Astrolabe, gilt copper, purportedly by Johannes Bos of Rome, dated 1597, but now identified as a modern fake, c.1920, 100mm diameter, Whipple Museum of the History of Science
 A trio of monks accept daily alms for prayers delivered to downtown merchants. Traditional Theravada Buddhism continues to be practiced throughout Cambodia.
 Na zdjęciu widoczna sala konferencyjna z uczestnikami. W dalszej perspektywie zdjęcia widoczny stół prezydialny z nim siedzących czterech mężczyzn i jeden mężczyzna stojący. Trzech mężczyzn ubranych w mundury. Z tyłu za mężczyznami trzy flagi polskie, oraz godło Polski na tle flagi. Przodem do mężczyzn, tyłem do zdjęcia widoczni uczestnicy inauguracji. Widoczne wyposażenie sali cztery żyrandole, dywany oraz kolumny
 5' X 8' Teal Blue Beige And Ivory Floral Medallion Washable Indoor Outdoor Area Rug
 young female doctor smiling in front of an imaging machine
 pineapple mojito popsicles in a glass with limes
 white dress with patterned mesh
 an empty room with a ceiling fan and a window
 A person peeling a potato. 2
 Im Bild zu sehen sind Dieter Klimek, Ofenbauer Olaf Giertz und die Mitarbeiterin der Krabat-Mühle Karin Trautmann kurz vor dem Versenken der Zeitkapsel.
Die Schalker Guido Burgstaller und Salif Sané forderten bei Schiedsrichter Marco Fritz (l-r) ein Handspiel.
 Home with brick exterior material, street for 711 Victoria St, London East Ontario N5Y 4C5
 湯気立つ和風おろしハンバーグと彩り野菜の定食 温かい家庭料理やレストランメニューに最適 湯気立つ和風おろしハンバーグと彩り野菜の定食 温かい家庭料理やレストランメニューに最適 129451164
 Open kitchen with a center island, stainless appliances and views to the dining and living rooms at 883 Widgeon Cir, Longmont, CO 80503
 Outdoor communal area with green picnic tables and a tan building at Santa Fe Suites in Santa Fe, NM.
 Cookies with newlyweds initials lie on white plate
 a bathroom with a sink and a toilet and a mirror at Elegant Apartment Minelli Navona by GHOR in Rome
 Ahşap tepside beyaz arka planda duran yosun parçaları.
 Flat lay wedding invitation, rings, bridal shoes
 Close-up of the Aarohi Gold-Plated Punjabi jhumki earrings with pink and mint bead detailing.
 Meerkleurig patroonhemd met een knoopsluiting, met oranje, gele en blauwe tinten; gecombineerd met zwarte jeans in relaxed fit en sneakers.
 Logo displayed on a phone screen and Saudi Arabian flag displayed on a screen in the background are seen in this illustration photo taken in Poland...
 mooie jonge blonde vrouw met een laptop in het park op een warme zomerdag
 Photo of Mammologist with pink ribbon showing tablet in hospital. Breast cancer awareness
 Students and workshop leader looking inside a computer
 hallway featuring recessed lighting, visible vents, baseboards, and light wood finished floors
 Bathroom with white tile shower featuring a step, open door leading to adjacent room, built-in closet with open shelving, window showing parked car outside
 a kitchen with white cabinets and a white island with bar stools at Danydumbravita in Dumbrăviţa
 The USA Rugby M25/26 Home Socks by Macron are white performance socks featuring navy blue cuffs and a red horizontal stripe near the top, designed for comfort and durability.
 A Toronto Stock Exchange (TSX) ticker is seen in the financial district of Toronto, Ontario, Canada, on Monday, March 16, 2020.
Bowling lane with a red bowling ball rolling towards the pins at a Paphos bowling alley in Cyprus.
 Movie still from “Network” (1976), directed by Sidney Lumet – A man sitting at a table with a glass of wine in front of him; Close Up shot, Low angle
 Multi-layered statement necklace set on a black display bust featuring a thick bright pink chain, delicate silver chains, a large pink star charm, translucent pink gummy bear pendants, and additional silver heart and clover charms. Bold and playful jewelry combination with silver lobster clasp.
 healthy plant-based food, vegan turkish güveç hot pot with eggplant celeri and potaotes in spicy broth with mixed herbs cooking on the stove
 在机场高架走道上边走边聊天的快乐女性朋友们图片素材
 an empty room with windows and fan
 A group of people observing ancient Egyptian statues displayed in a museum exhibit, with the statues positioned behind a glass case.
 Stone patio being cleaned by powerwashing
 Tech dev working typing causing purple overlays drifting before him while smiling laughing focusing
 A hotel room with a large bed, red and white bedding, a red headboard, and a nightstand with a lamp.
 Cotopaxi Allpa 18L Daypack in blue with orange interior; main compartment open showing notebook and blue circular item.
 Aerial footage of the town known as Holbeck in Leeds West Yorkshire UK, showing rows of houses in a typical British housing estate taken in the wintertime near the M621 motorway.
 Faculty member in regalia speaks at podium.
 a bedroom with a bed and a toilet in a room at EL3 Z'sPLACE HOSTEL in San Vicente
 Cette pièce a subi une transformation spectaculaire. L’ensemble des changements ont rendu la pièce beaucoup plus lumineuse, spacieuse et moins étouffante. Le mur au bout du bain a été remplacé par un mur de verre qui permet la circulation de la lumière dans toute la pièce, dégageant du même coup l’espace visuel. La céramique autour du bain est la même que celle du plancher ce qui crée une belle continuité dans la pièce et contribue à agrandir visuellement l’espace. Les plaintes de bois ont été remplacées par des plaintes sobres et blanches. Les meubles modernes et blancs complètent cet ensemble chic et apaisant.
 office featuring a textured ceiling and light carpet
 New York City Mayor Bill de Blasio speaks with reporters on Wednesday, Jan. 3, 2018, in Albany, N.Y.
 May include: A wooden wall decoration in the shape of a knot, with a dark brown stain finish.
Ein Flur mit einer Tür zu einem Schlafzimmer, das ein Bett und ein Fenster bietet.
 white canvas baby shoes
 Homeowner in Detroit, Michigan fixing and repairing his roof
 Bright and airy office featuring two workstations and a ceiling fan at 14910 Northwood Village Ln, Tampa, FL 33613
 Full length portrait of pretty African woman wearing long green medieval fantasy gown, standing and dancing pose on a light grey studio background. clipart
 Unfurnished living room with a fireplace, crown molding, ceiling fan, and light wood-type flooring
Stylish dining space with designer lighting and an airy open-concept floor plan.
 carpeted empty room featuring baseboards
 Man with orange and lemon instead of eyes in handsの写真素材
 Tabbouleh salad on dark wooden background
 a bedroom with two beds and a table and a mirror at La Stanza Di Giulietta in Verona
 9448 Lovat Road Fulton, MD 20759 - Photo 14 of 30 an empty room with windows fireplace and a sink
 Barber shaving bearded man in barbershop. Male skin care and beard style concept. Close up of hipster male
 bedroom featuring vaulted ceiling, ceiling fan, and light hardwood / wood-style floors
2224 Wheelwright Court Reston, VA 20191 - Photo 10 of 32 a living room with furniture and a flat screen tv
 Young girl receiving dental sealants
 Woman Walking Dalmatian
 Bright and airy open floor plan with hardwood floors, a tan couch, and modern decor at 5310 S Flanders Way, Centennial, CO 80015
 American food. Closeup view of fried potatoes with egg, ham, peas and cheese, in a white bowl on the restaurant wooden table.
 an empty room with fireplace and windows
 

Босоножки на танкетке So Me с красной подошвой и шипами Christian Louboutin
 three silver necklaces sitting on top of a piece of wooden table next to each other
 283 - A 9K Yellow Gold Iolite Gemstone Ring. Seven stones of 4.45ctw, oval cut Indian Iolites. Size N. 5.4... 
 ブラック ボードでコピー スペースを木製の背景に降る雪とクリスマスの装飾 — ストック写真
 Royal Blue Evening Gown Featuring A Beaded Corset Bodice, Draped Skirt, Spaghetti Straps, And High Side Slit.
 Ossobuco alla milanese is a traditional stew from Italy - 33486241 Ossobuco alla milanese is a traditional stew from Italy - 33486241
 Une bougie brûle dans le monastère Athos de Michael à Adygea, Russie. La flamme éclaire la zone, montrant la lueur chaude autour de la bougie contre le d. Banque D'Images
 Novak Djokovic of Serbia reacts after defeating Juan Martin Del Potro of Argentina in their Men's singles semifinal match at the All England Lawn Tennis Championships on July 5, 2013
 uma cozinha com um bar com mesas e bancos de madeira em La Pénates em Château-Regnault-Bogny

* * * * *

Task details >>
Working from the material above, restate word for word the lines between the line with "Die Schalker Guido" and the line with "The USA Rugby", both included, and only those.

Task solution >>
Die Schalker Guido Burgstaller und Salif Sané forderten bei Schiedsrichter Marco Fritz (l-r) ein Handspiel.
 Home with brick exterior material, street for 711 Victoria St, London East Ontario N5Y 4C5
 湯気立つ和風おろしハンバーグと彩り野菜の定食 温かい家庭料理やレストランメニューに最適 湯気立つ和風おろしハンバーグと彩り野菜の定食 温かい家庭料理やレストランメニューに最適 129451164
 Open kitchen with a center island, stainless appliances and views to the dining and living rooms at 883 Widgeon Cir, Longmont, CO 80503
 Outdoor communal area with green picnic tables and a tan building at Santa Fe Suites in Santa Fe, NM.
 Cookies with newlyweds initials lie on white plate
 a bathroom with a sink and a toilet and a mirror at Elegant Apartment Minelli Navona by GHOR in Rome
 Ahşap tepside beyaz arka planda duran yosun parçaları.
 Flat lay wedding invitation, rings, bridal shoes
 Close-up of the Aarohi Gold-Plated Punjabi jhumki earrings with pink and mint bead detailing.
 Meerkleurig patroonhemd met een knoopsluiting, met oranje, gele en blauwe tinten; gecombineerd met zwarte jeans in relaxed fit en sneakers.
 Logo displayed on a phone screen and Saudi Arabian flag displayed on a screen in the background are seen in this illustration photo taken in Poland...
 mooie jonge blonde vrouw met een laptop in het park op een warme zomerdag
 Photo of Mammologist with pink ribbon showing tablet in hospital. Breast cancer awareness
 Students and workshop leader looking inside a computer
 hallway featuring recessed lighting, visible vents, baseboards, and light wood finished floors
 Bathroom with white tile shower featuring a step, open door leading to adjacent room, built-in closet with open shelving, window showing parked car outside
 a kitchen with white cabinets and a white island with bar stools at Danydumbravita in Dumbrăviţa
 The USA Rugby M25/26 Home Socks by Macron are white performance socks featuring navy blue cuffs and a red horizontal stripe near the top, designed for comfort and durability.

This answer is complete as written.